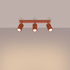 Ceiling lamp KARBON 3L red ochre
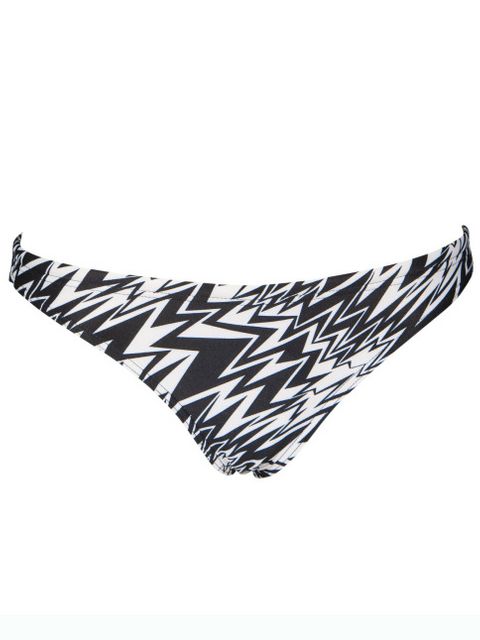 Arena Real Black & White Bikini Bottoms 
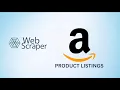 How to Scrape Amazon Product Listings - Web Scraper Sitemap Wizard Tutorial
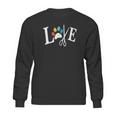 Dog Grooming Love Dogs Pet Daycare Groomer Vintage Paws Print Sweatshirt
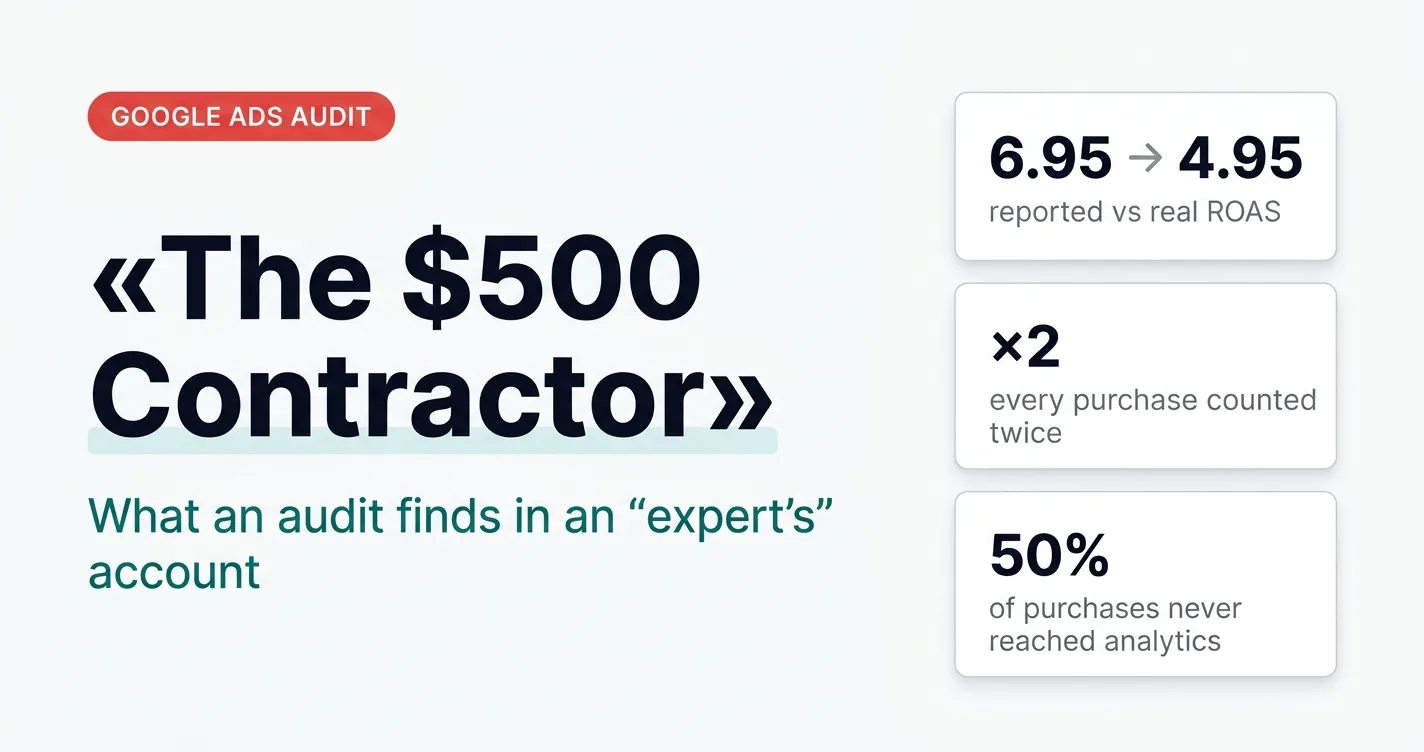 The Dunning–Kruger effect in Google Ads: auditing a $500 contractor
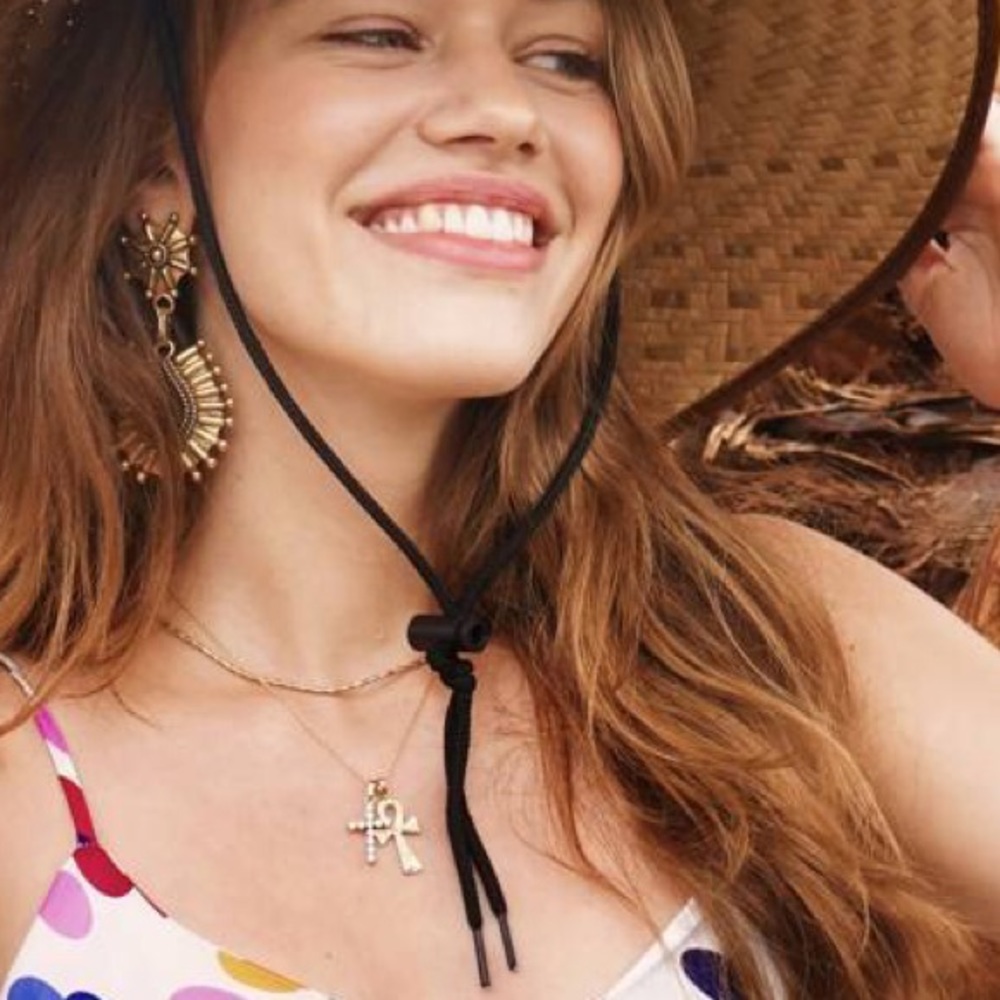 New Vanessa Mooney THE ANKH CROSS NECKLACE - Picture 3 of 9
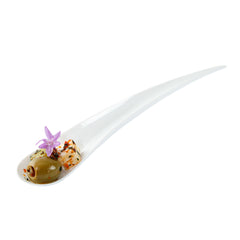 White Plastic Deco Party Spoon - 8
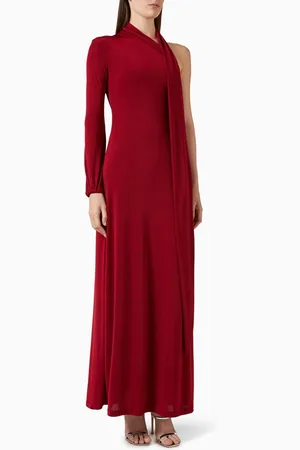 Leslie Amon Scarf Maxi Dress in Velvet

→ ABOUT THIS TASK
Word for word, write out the whole listing, keeping none of the pictures.

→ RESPONSE TO THE TASK
 Ceiling lamp KARBON 3L red ochre
 Arena Real Black & White Bikini Bottoms 
 How to Scrape Amazon Product Listings - Web Scraper Sitemap Wizard Tutorial
 Dog Grooming Love Dogs Pet Daycare Groomer Vintage Paws Print Sweatshirt
 The Dunning–Kruger effect in Google Ads: auditing a $500 contractor
 New Vanessa Mooney THE ANKH CROSS NECKLACE - Picture 3 of 9
 White Plastic Deco Party Spoon - 8
 Leslie Amon Scarf Maxi Dress in Velvet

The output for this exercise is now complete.